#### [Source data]
= Beginning of Section =
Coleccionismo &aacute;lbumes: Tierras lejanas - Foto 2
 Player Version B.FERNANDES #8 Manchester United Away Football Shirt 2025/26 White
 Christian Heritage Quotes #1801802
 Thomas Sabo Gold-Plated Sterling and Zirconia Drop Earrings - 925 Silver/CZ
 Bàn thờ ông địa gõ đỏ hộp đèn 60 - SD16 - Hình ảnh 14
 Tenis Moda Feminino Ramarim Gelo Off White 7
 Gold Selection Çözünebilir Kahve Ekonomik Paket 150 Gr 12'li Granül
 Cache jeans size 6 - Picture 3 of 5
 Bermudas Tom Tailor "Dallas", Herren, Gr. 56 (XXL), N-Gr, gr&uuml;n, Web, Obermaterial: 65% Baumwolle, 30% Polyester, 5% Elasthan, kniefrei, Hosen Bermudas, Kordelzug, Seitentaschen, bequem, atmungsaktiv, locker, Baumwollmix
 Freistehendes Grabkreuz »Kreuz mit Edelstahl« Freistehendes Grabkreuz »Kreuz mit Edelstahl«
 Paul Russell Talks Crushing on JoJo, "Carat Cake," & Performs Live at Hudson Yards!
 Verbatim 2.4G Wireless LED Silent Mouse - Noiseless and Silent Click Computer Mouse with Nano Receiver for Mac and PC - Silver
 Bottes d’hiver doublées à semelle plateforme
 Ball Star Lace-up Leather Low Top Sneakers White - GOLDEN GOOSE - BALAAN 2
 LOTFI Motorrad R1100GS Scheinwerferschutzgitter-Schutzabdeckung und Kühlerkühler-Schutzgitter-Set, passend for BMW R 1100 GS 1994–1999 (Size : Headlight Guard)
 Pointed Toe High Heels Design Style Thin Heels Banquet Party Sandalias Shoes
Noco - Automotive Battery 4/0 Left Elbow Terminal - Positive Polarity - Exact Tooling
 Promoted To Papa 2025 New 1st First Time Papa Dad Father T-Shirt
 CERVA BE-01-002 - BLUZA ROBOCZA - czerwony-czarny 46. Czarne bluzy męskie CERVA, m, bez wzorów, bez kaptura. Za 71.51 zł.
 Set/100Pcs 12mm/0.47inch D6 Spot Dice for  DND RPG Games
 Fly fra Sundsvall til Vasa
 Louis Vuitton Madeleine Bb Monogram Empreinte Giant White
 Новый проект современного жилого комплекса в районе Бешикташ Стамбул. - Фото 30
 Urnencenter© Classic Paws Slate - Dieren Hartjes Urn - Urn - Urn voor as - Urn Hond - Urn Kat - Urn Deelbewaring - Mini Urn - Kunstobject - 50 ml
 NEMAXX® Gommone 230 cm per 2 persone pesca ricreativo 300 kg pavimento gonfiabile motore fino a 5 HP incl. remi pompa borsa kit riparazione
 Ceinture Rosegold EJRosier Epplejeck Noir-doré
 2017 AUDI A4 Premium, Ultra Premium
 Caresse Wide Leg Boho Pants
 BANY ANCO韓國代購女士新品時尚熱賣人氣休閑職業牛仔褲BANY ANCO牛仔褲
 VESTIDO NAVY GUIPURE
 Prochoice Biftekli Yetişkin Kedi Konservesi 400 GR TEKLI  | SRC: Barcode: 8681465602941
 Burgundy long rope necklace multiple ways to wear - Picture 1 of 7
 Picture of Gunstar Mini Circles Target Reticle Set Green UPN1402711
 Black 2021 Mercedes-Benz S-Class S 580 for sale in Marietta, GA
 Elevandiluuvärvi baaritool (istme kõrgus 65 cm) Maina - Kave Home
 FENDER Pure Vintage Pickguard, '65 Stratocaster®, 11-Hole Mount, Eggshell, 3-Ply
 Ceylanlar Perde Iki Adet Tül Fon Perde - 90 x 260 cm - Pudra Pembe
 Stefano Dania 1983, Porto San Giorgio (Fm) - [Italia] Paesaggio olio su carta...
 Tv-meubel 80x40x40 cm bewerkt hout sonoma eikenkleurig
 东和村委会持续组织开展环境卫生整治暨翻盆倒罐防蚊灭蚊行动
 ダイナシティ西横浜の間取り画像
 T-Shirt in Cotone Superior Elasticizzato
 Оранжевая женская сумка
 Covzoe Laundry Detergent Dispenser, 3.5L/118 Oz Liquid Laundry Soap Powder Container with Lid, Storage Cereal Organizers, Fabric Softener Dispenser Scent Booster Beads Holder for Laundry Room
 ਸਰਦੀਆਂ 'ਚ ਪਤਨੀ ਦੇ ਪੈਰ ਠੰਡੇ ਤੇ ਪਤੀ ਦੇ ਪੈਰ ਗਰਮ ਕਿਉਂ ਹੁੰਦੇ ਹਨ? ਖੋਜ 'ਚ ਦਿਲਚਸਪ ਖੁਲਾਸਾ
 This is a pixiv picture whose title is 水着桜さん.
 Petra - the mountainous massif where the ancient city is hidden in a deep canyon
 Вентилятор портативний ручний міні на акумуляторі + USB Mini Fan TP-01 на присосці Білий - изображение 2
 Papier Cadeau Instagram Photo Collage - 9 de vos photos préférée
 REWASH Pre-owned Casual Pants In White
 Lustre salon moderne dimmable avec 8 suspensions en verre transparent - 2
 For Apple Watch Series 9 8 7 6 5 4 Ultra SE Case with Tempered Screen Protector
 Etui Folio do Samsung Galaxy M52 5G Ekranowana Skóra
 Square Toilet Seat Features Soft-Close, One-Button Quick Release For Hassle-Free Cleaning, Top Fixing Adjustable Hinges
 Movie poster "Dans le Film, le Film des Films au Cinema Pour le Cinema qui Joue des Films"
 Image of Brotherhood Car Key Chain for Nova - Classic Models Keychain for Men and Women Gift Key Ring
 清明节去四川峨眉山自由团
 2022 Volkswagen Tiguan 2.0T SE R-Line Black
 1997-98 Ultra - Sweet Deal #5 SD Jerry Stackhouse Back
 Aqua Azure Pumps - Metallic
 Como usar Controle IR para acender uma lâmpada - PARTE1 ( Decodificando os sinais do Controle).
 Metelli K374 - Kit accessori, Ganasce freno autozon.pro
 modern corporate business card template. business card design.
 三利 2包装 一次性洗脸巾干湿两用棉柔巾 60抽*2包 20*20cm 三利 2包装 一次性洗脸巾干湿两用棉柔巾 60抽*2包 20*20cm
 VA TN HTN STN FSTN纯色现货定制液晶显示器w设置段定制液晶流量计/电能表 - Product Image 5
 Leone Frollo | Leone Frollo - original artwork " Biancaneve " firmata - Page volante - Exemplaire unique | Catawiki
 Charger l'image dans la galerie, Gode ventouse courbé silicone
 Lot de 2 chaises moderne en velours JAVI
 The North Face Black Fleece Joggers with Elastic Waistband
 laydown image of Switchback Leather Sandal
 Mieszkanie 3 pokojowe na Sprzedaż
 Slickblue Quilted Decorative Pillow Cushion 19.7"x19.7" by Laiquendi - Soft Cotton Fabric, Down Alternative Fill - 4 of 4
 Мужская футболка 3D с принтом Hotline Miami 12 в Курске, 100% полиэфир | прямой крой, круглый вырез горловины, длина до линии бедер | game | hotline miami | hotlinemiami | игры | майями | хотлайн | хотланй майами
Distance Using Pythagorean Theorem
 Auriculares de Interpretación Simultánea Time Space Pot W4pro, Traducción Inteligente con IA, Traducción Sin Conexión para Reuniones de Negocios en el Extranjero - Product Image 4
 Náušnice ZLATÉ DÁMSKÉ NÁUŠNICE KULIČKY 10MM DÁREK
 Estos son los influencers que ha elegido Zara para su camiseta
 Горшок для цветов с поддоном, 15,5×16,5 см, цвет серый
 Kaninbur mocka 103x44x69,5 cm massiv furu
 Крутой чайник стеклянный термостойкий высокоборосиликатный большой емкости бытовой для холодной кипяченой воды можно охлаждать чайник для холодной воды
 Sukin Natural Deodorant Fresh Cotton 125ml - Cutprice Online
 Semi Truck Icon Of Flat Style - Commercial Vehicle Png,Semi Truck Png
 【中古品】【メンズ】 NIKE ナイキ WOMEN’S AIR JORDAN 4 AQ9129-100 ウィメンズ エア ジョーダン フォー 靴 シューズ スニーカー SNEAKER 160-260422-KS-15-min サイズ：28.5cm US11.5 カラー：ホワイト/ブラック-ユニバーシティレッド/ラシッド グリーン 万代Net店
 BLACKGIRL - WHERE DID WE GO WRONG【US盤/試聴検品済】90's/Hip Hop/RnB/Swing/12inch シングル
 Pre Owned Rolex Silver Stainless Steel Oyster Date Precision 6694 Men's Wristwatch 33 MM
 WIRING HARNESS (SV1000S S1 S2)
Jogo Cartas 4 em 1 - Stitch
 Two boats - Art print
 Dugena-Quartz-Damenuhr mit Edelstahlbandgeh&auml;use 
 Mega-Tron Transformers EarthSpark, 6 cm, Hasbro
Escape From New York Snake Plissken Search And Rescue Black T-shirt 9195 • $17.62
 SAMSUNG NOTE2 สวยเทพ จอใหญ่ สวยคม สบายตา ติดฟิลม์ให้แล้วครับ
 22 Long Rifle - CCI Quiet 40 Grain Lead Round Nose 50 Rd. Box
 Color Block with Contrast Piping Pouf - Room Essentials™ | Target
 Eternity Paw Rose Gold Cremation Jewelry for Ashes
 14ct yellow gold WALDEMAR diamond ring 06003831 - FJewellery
= End of Section =
#### [DESCRIPTION OF THE TASK]
Give back exactly the lines from the one containing "Sukin Natural Deodorant" through the last line of the records.

#### [RESPONSE]
 Sukin Natural Deodorant Fresh Cotton 125ml - Cutprice Online
 Semi Truck Icon Of Flat Style - Commercial Vehicle Png,Semi Truck Png
 【中古品】【メンズ】 NIKE ナイキ WOMEN’S AIR JORDAN 4 AQ9129-100 ウィメンズ エア ジョーダン フォー 靴 シューズ スニーカー SNEAKER 160-260422-KS-15-min サイズ：28.5cm US11.5 カラー：ホワイト/ブラック-ユニバーシティレッド/ラシッド グリーン 万代Net店
 BLACKGIRL - WHERE DID WE GO WRONG【US盤/試聴検品済】90's/Hip Hop/RnB/Swing/12inch シングル
 Pre Owned Rolex Silver Stainless Steel Oyster Date Precision 6694 Men's Wristwatch 33 MM
 WIRING HARNESS (SV1000S S1 S2)
Jogo Cartas 4 em 1 - Stitch
 Two boats - Art print
 Dugena-Quartz-Damenuhr mit Edelstahlbandgeh&auml;use 
 Mega-Tron Transformers EarthSpark, 6 cm, Hasbro
Escape From New York Snake Plissken Search And Rescue Black T-shirt 9195 • $17.62
 SAMSUNG NOTE2 สวยเทพ จอใหญ่ สวยคม สบายตา ติดฟิลม์ให้แล้วครับ
 22 Long Rifle - CCI Quiet 40 Grain Lead Round Nose 50 Rd. Box
 Color Block with Contrast Piping Pouf - Room Essentials™ | Target
 Eternity Paw Rose Gold Cremation Jewelry for Ashes
 14ct yellow gold WALDEMAR diamond ring 06003831 - FJewellery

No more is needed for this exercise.